No, it is actually the Alienists who, in their crazed denials of all biblical and para-biblical evidence alike, insist that Jesus’s Caucasic morphology would somehow limit His grace to Europeans and those fairer tribes of Yazidis, Persians, and like tribes of Asia Minor. They, the supposed egalitarian anti-racists, are the ones who insist that a White Jesus would have no interest in, and therefore no power to save, the Canaanite woman who contented herself with the crumbs which fell from the Master’s table, nor for the Ethiopian eunuch who hungered for Philip’s preaching. That is, they hold that if Jesus was of a ruddy people, it would make Him irrelevant to all the non-White peoples of the world.

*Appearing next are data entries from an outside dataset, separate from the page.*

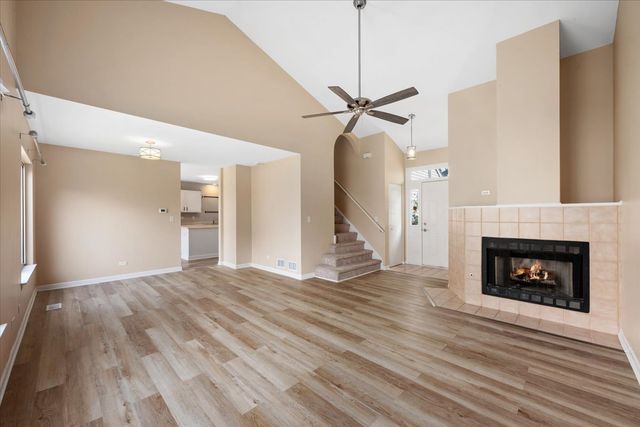 4233 Springlake Drive, Lake In The Hills, IL 60156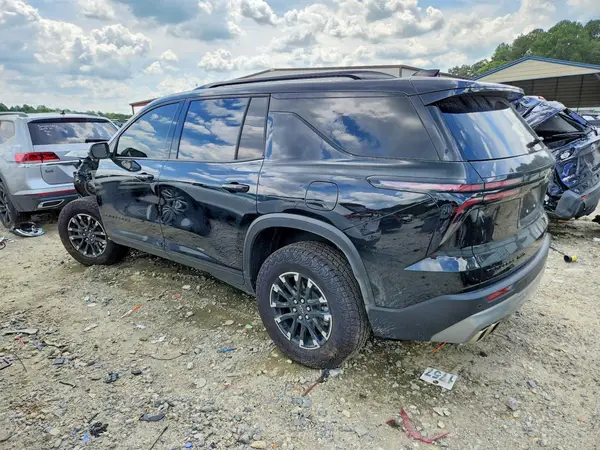1GNEVJRS1SJ279657 — 2025 Chevrolet Traverse, фото 2 с аукциона Copart 13.10.2026, Передняя часть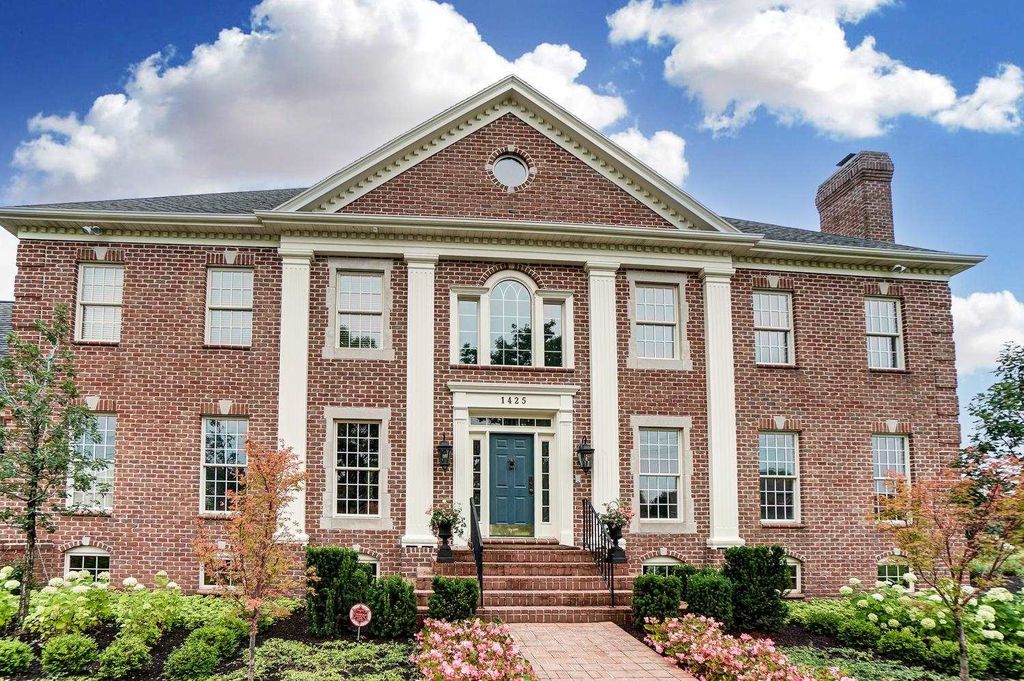 1425 Sycamore Hills Pkwy, Fort Wayne, IN 46814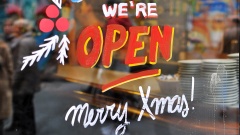 Die überwiegende Mehrheit der Deutschen lehnt eine Öffnung der Geschäfte an Heiligabend ab. 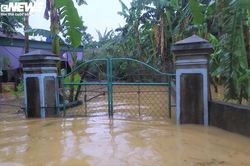 'Rốn lũ' Nghệ An ngập sâu gần 3m, chính quyền huy động cano đến cứu trợ dân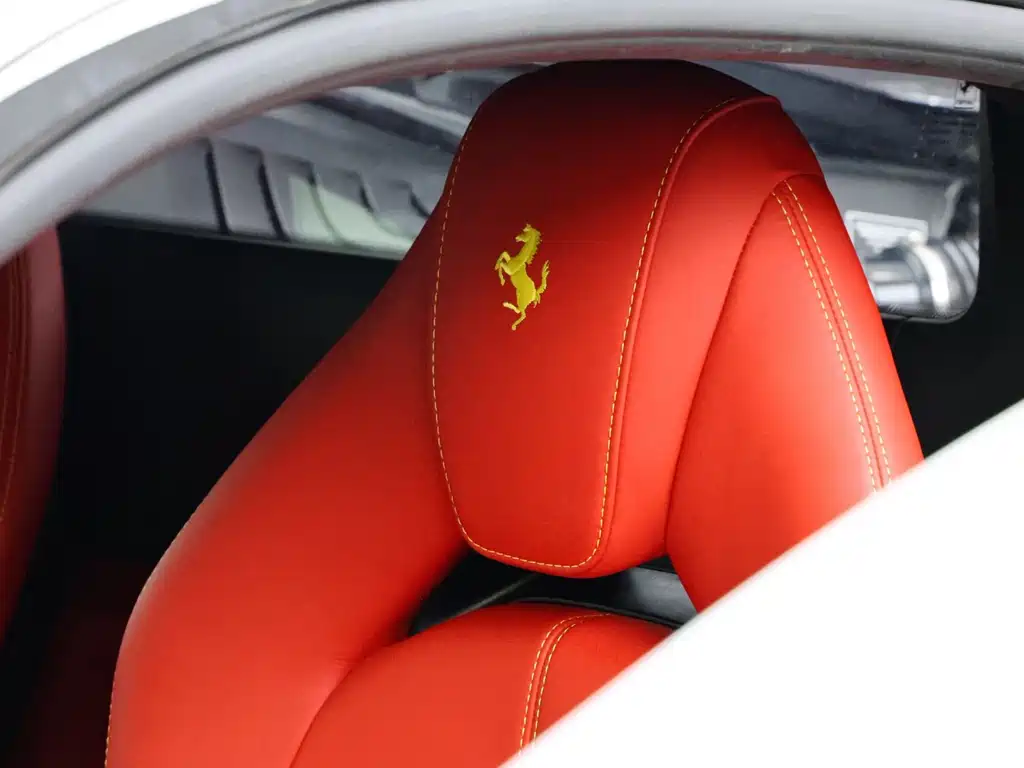 Ferrari F8 2021 — фото 18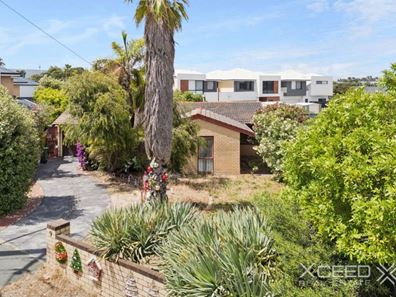 9 Buchan Place, Hillarys WA 6025
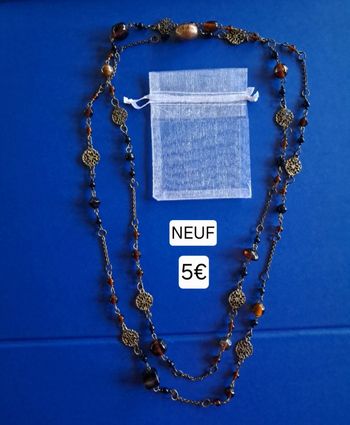 Collier fantaisie long NEUF avec chaîne et breloques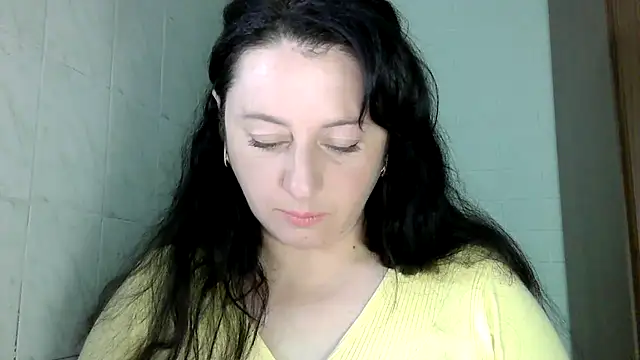 Snapshot of MelinaAx chatting on May 12, 7:16 am MelinaAx online show from May 12, 7:16 am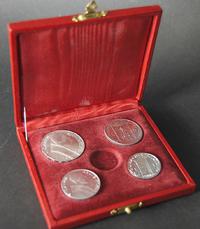 komplet monet watykańskich, monety w eleganckim 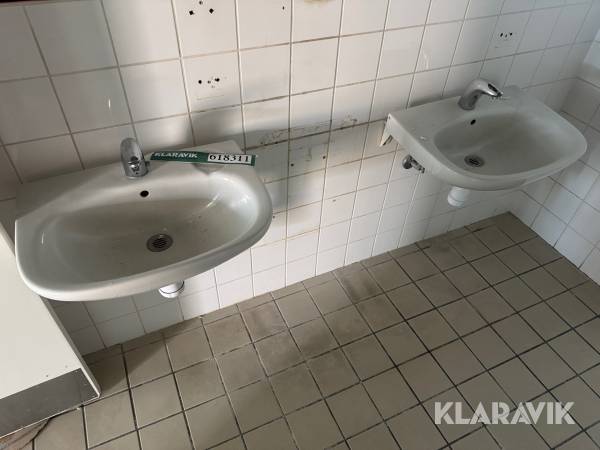 Lot med håndvaske og toiletter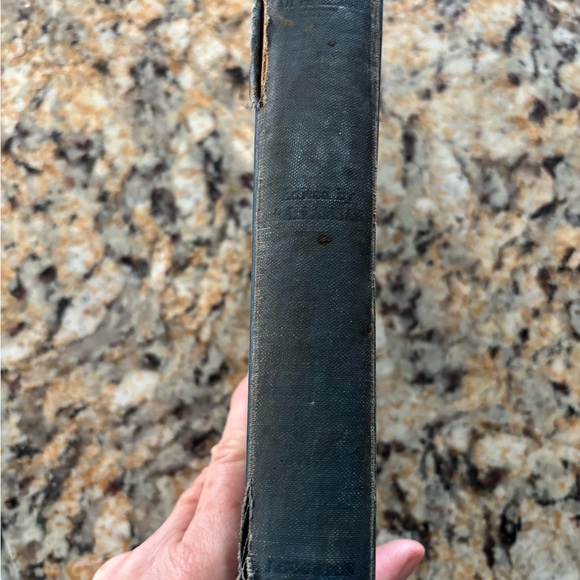 Antique Book Set with Lace Ribbon 1924 Century Readings and 1921 Short Stories - Picture 4 of 14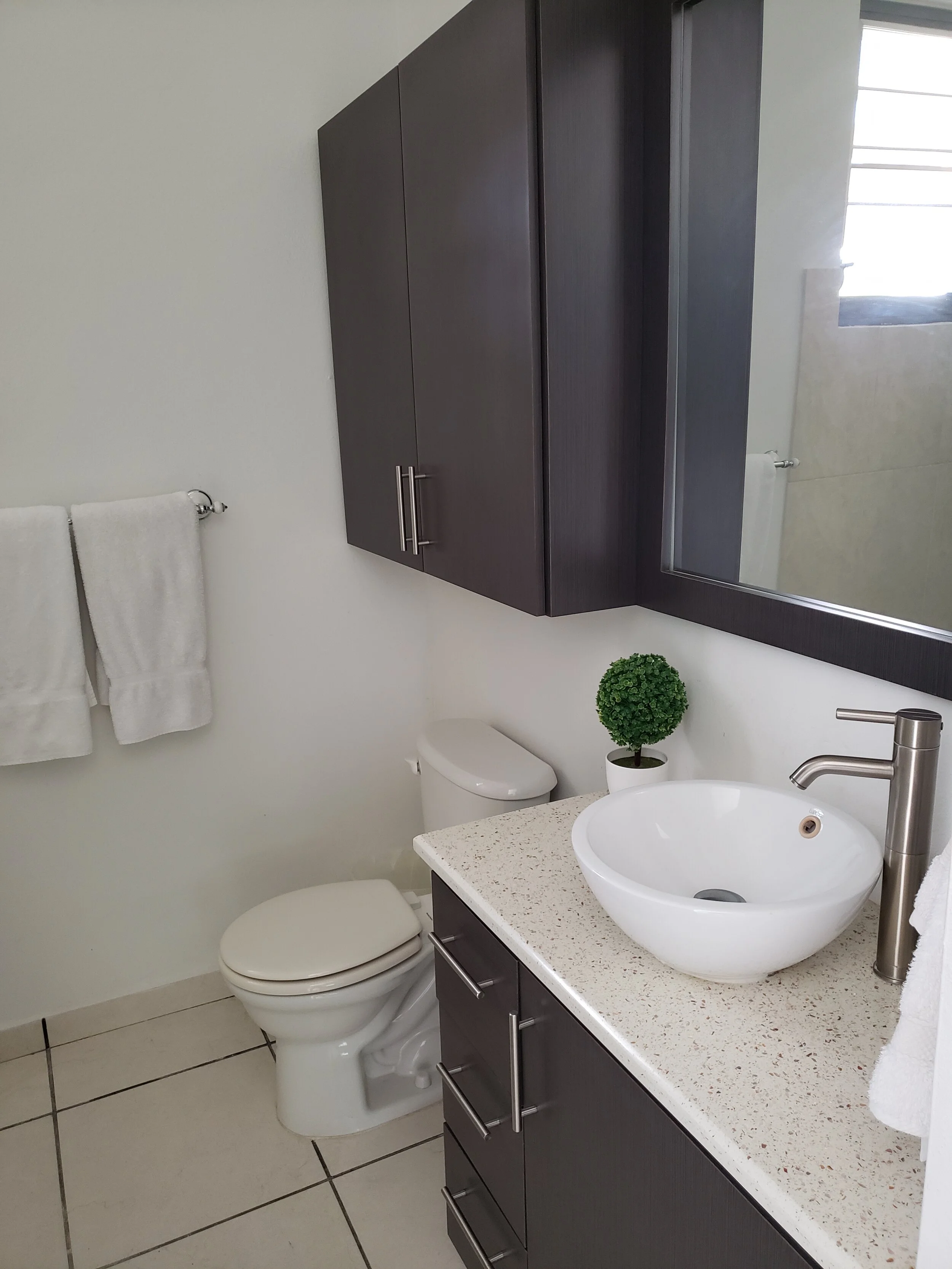 11_20161004S1_BOUTIQUE_HOTEL_HASBROUCK_HOUSE_BATHROOM_007.jpg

Until recently, Black Liberation theology was denounced for heresy round about in the mainstream churches, but that changed at some point. And oblivious to the tectonic shift wrought so recently in their theology, the majority in Roman, Evangelical, and Reformed circles alike have embraced James Cone’s Liberationist doctrine that “God’s revelation on earth has always been black, red, or some other shocking shade, but never white. Whiteness, as revealed in the history of America, is the expression of what is wrong with man. It is a symbol of man’s depravity. God cannot be white even though white churches have portrayed him as white.” (J. Cone, Black Theology and Black Power, 1970)
In so doing, they presume to arraign the Lord Himself, and imagining themselves to stand in judicature over Him, condemn Him anew, preferring a darker savior. With James Cone the White Alienists have concluded, “If God is not for us [non-Whites] and against White people, then he is a murderer, and we had better kill him.” (J. Cone, A Black Theology of Liberation, 1969)
So it is not the Kinist who obsesses over Christ’s appearance or made His color out to be a central tenet of the faith, but the Alienist. So far as they have resolved to destroy the White Christ, those who will not join in the mob to affect their planned deicide become in their eyes proxies on which to pour all their Stygian wrath.
No, Christ’s visage is not the gospel. A man could go his entire life never having considered the consistency of Christ’s hair, His eye color, or complexion, and it would not hinder his salvation in the least. And as a son of Calvin, Knox, and Dabney, I have no interest in vindicating icons. Pursuant of the Second Commandment against idols, and observant of the fact that His physical appearance is conspicuously not emphasized in the gospel accounts, I lobby not for frescos, statuary, nor casting calls to suit Him on stage; for even to follow said descriptions with the utmost precision possible would still be to mingle the truth with the imagination of men, and therefore, in some degree, present a false image of our Lord, God forbid it.
But we did not choose this particular battle; it chose us when Alienists determined to make denial of Jesus’s whiteness a new article of faith and anathematize all who decline to join them in this new creed. So neither dare we shrink from speaking the truth in regard to His every aspect. Even if His appearance is not the gospel, and not to be obsessed over in the imagination, were we, for the fear of men, to acquiesce to this newly imagined multicult dogma of a dusky Jesus, and demure from speaking the truth in regard to the information we have of it, we would be bowing to other lords as if they were over Him. And that would be a denial of the gospel.
With Luther then, we can say, “Here we stand, for we can do no other, God help us. Amen.”
Thank you for joining us again. This is Ehud signing out.